I found this doc from Sifive/Starfive that explains the L2 prefetcher in detail in U74-MC (previous Gen):
See Chapter 13.2.5
Now we have private L1/L2 and shared L3, but I assume some terminology still applies. It’s far more readable than the TRM released by ESWIN.

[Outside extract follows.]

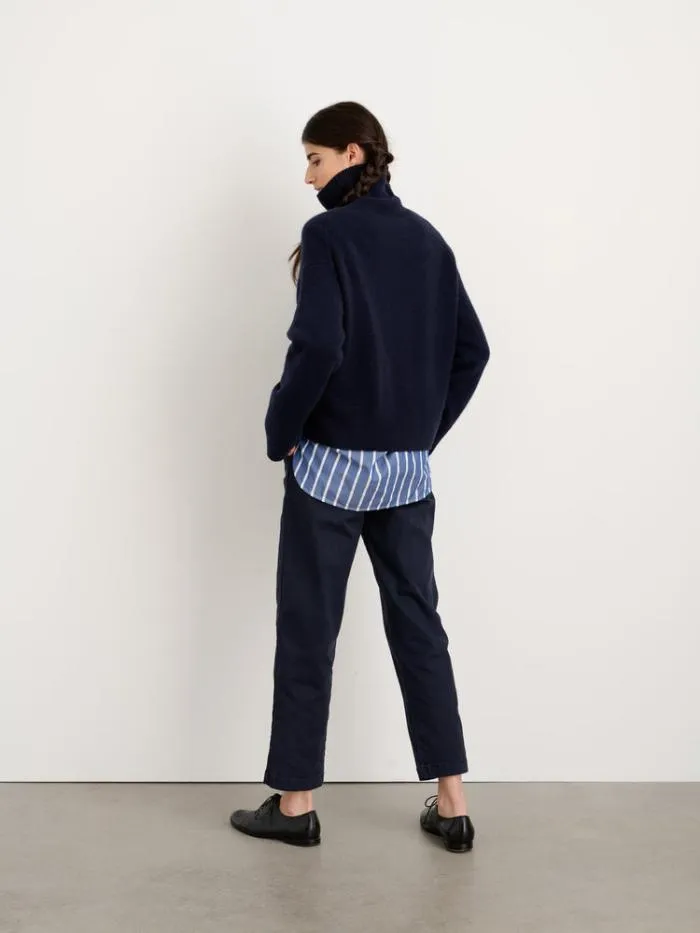 Alex Mill Sweaters Cecile Turtleneck In Cashmere Navy 8211 Women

drmpeg’s code suffered significant perf regression – took ~2x the time to finish. I did some tweak and found that you don’t need that many tweaks to L1/L2 prefetcher to boost the STREAM workload and, in the meantime, penalize drmpeg’s LDPC workload. Based on the original value of CSR 0x7c3 and 0x7c4 before patch hifive-premier-p550: opensbi: Modify CSR registers · sifiveinc/meta-sifive@9759264 · GitHub, increase maxL1PFDist a little bit is all you need to boost STREAM performance. I tried to set it to 2 or 3, and I got pretty good STREAM perf (on par with the new firmware release), and didn’t see noticeable regression with LDPC. ESWIN/Sifive needs to do more testing to make L1/L2 prefetcher settings fitting wider range of workloads. Even better, provide a SBI interface so it can be adjusted without having to flash a new firmware.
FYI: My current setting:
0x7c3: 0x1005c1be649 {
"reg": "0x7c3",
"name": "L1 Prefetcher CSR",
"fields": {
"l1pfEnable": 1,
"window": 36,
"initialDist": 12,
"maxAllowedDist": 31,
"linToExpThrd": 3,
"qFullnessThrdL1": 14,
"hitCacheThrdL1": 2,
"hitMSHRThrdL1": 0,
"issueBubble": 0,
"maxL1PFDist": 2,
"forgiveThrd": 0,
"numL1PFIssQEnt": 0
}
}
0x7c4: 0x929f {
"reg": "0x7c4",
"name": "L1 Prefetcher CSR",
"fields": {
"l2pfEnable": 1,
"qFullnessThrdL2": 15,
"hitCacheThrdL2": 20,
"hitMSHRThrdL2": 4,
"numL2PFIssQEnt": 2
}
}